Sayf al-Dawla has remained to this day one of the best-known medieval Arab leaders. His bravery and leadership of the war against the Byzantines, despite the heavy odds against him, his literary activities and patronage of poets which lent his court an unmatched cultural brilliance, the calamities which struck him towards his end—defeat, illness and betrayal—have made him, in the words of Th. Bianquis, "from his time until the present day", the personification of the "Arab chivalrous ideal in its most tragic aspect".
Nevertheless, the picture presented by his contemporaries on the impact of Sayf al-Dawla's policies is less favourable: the 10th-century chronicler Ibn Hawqal, who travelled the Hamdanid domains, paints a dismal picture of economic oppression and exploitation of the local people, linked with the Hamdanid practice of expropriating extensive estates in the most fertile areas and practising a monoculture of cereals destined to feed the growing population of Baghdad. This was coupled with heavy taxation, so that Sayf al-Dawla and Nasir al-Dawla are said to have become the wealthiest princes in the Muslim world. This allowed them to maintain their lavish courts, but at a heavy price to their subjects' long-term prosperity. According to Hugh Kennedy "even the capital of Aleppo seems to have been more prosperous under the following Mirdasid dynasty than under the Hamdanids", while Bianquis claims that Sayf al-Dawla's wars and economic policies both contributed to a permanent alteration in the landscape: "by destroying orchards and peri-urban market gardens, by enfeebling the once vibrant polyculture and by depopulating the sedentarised steppe terrain of the frontiers, the Hamdanids contributed to the erosion of the deforested land and to the seizure by semi-nomadic tribes of the agricultural lands of these regions in the 11th century".
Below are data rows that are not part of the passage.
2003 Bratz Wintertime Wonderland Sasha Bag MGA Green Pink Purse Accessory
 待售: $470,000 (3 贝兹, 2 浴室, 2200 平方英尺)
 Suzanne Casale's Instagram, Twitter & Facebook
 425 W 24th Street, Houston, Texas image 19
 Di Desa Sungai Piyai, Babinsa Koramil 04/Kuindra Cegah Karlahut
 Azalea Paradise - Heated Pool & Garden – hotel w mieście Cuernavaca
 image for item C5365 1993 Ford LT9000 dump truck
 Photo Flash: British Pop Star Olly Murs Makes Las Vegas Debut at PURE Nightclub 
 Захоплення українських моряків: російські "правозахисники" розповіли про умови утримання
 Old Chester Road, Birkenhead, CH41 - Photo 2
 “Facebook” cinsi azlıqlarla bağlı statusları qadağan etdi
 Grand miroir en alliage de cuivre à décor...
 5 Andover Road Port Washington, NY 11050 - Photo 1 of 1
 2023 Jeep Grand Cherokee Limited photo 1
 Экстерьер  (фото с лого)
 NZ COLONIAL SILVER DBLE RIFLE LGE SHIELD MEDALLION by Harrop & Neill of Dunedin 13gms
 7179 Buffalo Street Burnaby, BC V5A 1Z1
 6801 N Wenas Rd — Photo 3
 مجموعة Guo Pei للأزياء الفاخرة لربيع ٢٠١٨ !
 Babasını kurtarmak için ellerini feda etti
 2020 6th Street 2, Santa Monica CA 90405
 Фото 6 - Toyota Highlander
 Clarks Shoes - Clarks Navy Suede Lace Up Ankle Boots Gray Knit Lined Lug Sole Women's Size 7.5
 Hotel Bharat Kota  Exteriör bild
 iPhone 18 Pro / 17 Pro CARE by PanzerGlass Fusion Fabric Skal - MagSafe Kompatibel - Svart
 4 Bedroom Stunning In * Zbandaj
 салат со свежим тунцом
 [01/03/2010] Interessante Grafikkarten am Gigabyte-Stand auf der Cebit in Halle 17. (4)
His military record was also, in the end, one of failure: the Byzantine advance continued after his death, culminating in the fall of Antioch in 969. Aleppo was transformed into a vassal state tributary to Byzantium, and for the next fifty years it would become the bone of contention between the Byzantines and a Muslim power new to the Middle East, the Egypt-based Fatimid Caliphate. The Hamdanids' military defeat was in the end inevitable, given the disparity of strength and resources with the Empire. This was compounded by the failure of Nasir al-Dawla to support his brother in his wars against Byzantium, by the Hamdanids' preoccupation with internal revolts, and the feebleness of their authority over much of their domains. As the historian Mark Whittow comments, Sayf al-Dawla's martial reputation often masks the reality that his power was "a paper tiger, short of money, short of soldiers and with little real base in the territories he controlled".